(DATA EXTRACT Opens)

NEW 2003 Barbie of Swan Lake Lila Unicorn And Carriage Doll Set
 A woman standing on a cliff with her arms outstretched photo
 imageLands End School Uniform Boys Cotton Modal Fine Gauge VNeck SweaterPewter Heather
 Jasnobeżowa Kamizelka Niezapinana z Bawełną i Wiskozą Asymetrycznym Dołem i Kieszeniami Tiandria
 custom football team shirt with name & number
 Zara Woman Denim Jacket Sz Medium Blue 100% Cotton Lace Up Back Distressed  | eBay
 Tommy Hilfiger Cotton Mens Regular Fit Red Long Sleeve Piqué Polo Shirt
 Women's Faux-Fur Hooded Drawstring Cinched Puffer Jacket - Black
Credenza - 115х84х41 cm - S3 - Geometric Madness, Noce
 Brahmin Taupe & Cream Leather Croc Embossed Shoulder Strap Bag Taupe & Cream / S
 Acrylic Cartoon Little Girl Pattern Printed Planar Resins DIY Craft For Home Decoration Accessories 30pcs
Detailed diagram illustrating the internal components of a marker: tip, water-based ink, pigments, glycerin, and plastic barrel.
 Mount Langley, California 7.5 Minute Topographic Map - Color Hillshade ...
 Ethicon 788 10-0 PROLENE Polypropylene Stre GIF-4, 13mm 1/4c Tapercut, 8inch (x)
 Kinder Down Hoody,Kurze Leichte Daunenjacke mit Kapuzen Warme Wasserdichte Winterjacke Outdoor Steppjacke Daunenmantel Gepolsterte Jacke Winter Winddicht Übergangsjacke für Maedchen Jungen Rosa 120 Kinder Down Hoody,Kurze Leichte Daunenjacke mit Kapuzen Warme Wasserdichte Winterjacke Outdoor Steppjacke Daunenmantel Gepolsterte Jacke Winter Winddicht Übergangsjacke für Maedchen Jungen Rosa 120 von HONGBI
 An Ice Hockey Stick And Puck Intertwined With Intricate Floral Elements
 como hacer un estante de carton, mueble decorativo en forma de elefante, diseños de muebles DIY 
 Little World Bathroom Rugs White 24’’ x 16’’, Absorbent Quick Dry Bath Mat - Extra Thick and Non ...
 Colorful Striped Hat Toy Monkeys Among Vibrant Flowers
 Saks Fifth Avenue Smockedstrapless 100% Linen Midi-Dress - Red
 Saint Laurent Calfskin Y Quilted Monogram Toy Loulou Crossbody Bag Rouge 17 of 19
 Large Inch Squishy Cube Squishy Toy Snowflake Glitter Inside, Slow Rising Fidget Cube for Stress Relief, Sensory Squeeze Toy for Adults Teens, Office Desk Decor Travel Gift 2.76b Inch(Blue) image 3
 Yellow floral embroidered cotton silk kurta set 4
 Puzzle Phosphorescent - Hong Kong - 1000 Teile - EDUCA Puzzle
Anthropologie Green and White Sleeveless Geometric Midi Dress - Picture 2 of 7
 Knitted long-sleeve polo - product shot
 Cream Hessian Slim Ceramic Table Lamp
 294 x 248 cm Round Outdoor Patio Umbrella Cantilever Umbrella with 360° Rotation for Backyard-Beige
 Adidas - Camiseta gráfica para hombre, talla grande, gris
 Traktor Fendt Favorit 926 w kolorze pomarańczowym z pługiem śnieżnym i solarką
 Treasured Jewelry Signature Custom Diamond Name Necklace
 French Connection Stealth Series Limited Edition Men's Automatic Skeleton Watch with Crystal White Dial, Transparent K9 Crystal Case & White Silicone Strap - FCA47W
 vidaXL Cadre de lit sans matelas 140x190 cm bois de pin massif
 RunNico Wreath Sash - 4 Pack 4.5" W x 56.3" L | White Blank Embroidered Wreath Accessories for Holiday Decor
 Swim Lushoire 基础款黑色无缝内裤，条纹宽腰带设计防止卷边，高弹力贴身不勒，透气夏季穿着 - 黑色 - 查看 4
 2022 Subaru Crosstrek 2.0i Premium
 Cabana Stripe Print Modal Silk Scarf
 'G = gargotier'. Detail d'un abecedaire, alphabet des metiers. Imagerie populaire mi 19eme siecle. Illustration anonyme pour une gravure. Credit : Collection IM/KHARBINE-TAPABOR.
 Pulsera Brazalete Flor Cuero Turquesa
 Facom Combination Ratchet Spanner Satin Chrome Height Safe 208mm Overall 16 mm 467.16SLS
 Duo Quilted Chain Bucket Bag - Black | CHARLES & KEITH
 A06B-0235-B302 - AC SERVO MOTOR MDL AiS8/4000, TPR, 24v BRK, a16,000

(DATA EXTRACT Closes)

= YOUR INSTRUCTIONS =
What is needed is an exact copy of the line containing "Cream Hessian Slim Ceramic Table Lamp" and each line after it, through the final line of the entries above.

= TASK RESULT =
 Cream Hessian Slim Ceramic Table Lamp
 294 x 248 cm Round Outdoor Patio Umbrella Cantilever Umbrella with 360° Rotation for Backyard-Beige
 Adidas - Camiseta gráfica para hombre, talla grande, gris
 Traktor Fendt Favorit 926 w kolorze pomarańczowym z pługiem śnieżnym i solarką
 Treasured Jewelry Signature Custom Diamond Name Necklace
 French Connection Stealth Series Limited Edition Men's Automatic Skeleton Watch with Crystal White Dial, Transparent K9 Crystal Case & White Silicone Strap - FCA47W
 vidaXL Cadre de lit sans matelas 140x190 cm bois de pin massif
 RunNico Wreath Sash - 4 Pack 4.5" W x 56.3" L | White Blank Embroidered Wreath Accessories for Holiday Decor
 Swim Lushoire 基础款黑色无缝内裤，条纹宽腰带设计防止卷边，高弹力贴身不勒，透气夏季穿着 - 黑色 - 查看 4
 2022 Subaru Crosstrek 2.0i Premium
 Cabana Stripe Print Modal Silk Scarf
 'G = gargotier'. Detail d'un abecedaire, alphabet des metiers. Imagerie populaire mi 19eme siecle. Illustration anonyme pour une gravure. Credit : Collection IM/KHARBINE-TAPABOR.
 Pulsera Brazalete Flor Cuero Turquesa
 Facom Combination Ratchet Spanner Satin Chrome Height Safe 208mm Overall 16 mm 467.16SLS
 Duo Quilted Chain Bucket Bag - Black | CHARLES & KEITH
 A06B-0235-B302 - AC SERVO MOTOR MDL AiS8/4000, TPR, 24v BRK, a16,000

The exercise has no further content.